Все эти высказывания теперь уже история. И надо ли к ней возвращаться памятью? Думаю, что надо. Надо проследить эту трудную судьбу поля, чтобы понять все перипетии его биографии.
Да, это было поле, которое позднее назвали зоной рискованного земледелия. Таково было тяжёлое наследство. И отказаться от него было невозможно. И оно давало о себе знать, напоминало о себе, особенно в первые годы, настойчиво и жестоко.
* * *С первых дней существования только что созданному образцово-показательному совхозу сопутствовали неудачи:
1933 год — не хватает техники, пашут на коровах.
«Распоряжение по з/с «Большевик» от 7/Х-33 г.
В связи с окончанием уборочной кампании и сокращением рабочих в связи с этим взятых коров на уборочную кампанию с МТФ возвратить… Возврату МТФ подлежат коровы ближнего отела и качественно лучшие.

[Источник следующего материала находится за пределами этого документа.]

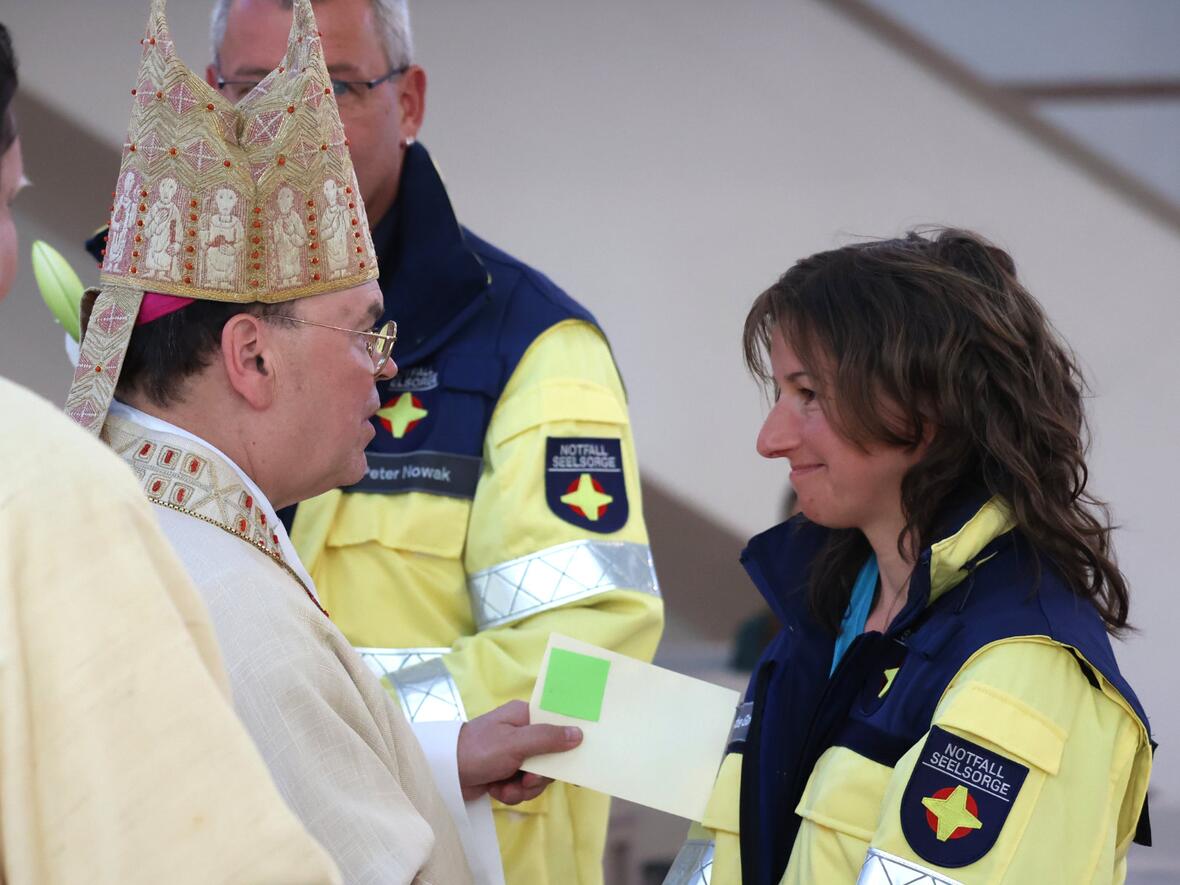 Von den neun "Neuzugängen" im Team der Notfallseelsorge konnten während des Gottesdienstes acht von Bischof Bertram eigens ausgesandt werden.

Зам. директора Разноглядов,
секретарь Калинина».
Это была беда. Большая беда целого поколения. Но это и испытание, экзамен на верность полю. Уже потом, спустя почти 50 лет, вспомнит об этом старый крестьянин Василий Гудошников:
— Любая работа на земле без пользы не бывает.
И всегда надо, чтобы у человека любовь была ко всякой работе, а не тягость. Нас вот с восьми лет начали в поле брать — «по зернам ходить». Идешь в поршенях, из сыромятины лапоточки такие, а то и босыми ногами полосу отбиваешь. Это чтоб, кто сеет, зерно зря не бросал, ровно шел.
А то, как боронят, лошадь или корову за узду водишь.
Потом сено гребли, копнили, у стогов подгребали. Зимой тоже маманьке по хозяйству помогали, прясть. учились. И петь учились напевные песни. А как выросли, всю эту мудрость детям передали.
Зимой 1933 года в совхозе создалось чрезвычайное положение с топливом:
«Приказ № 6
по молодежному зерносовхозу «Большевик» от 19/I-33 г.
Учитывая угрожающее положение с дровами в з/с, приказываю:
1. Чрезвычайным уполномоченным по снабжению дровами назначаю т. Косарькова А. И.
2. Мобилизовать всех лошадей в распоряжение т. Косарькова сроком на четыре дня.
3. Мобилизовать следующих товарищей в распоряжение т. Косарькова: Пудовкин, Шаров В., Расторгуев, Иванов Т., Зеленских И., Воробьев, Микуров А….
4. Срок исполнения настоящего приказа 24 часа, в отношении же лошадей срок 4 часа.